Source data START

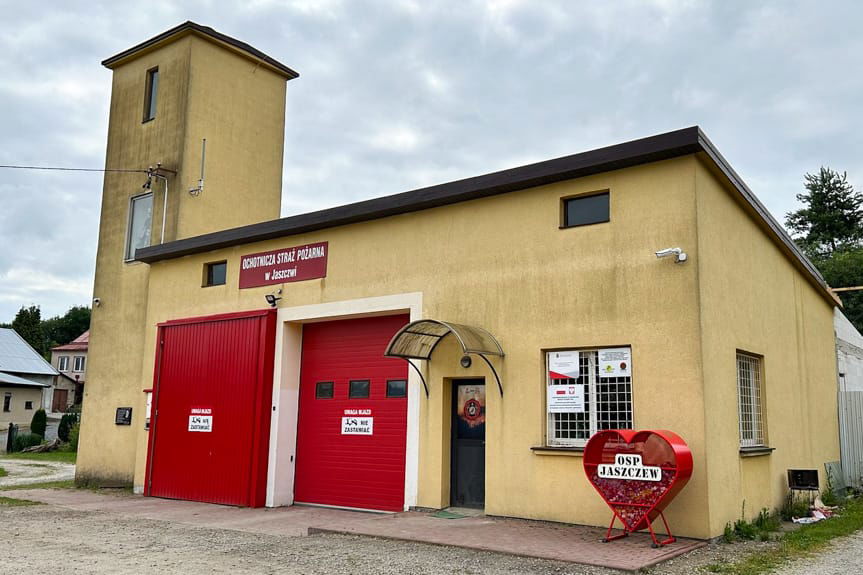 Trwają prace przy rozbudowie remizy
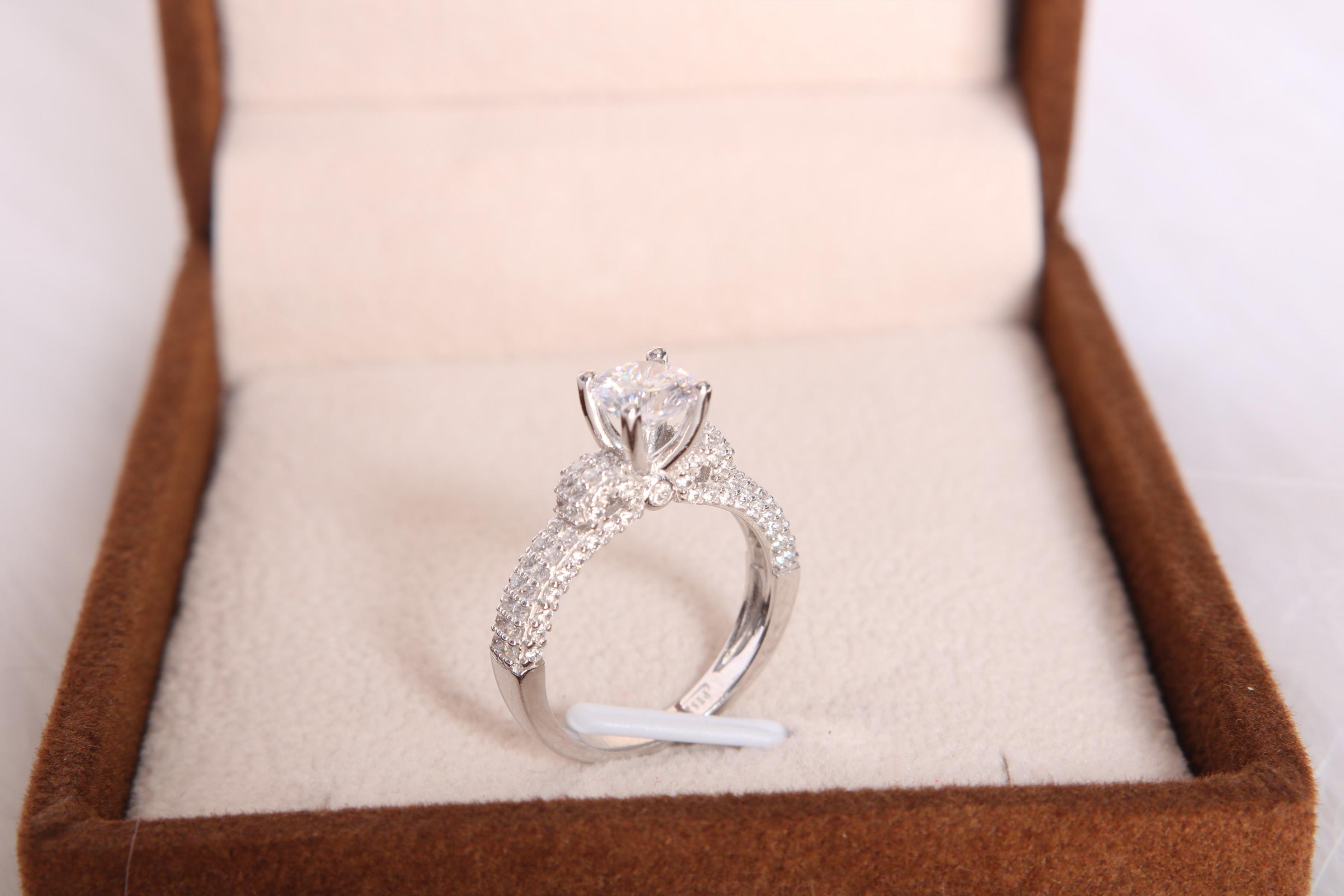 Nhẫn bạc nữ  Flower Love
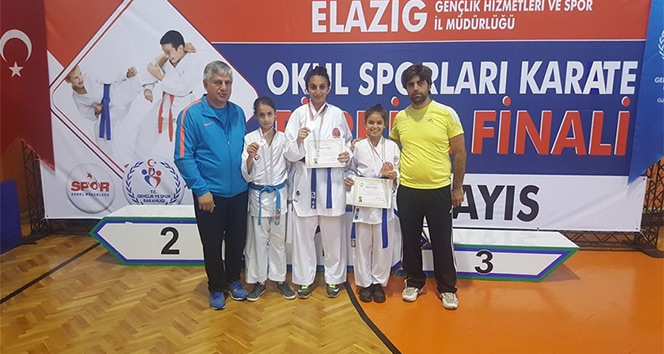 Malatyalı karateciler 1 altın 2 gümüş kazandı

Source data END

**Exercise:** Beginning with the line in which "Nhẫn bạc nữ" appears, repeat exactly each line down to the close of the material, leaving every picture out.

**Written response:**
 Nhẫn bạc nữ  Flower Love
 Malatyalı karateciler 1 altın 2 gümüş kazandı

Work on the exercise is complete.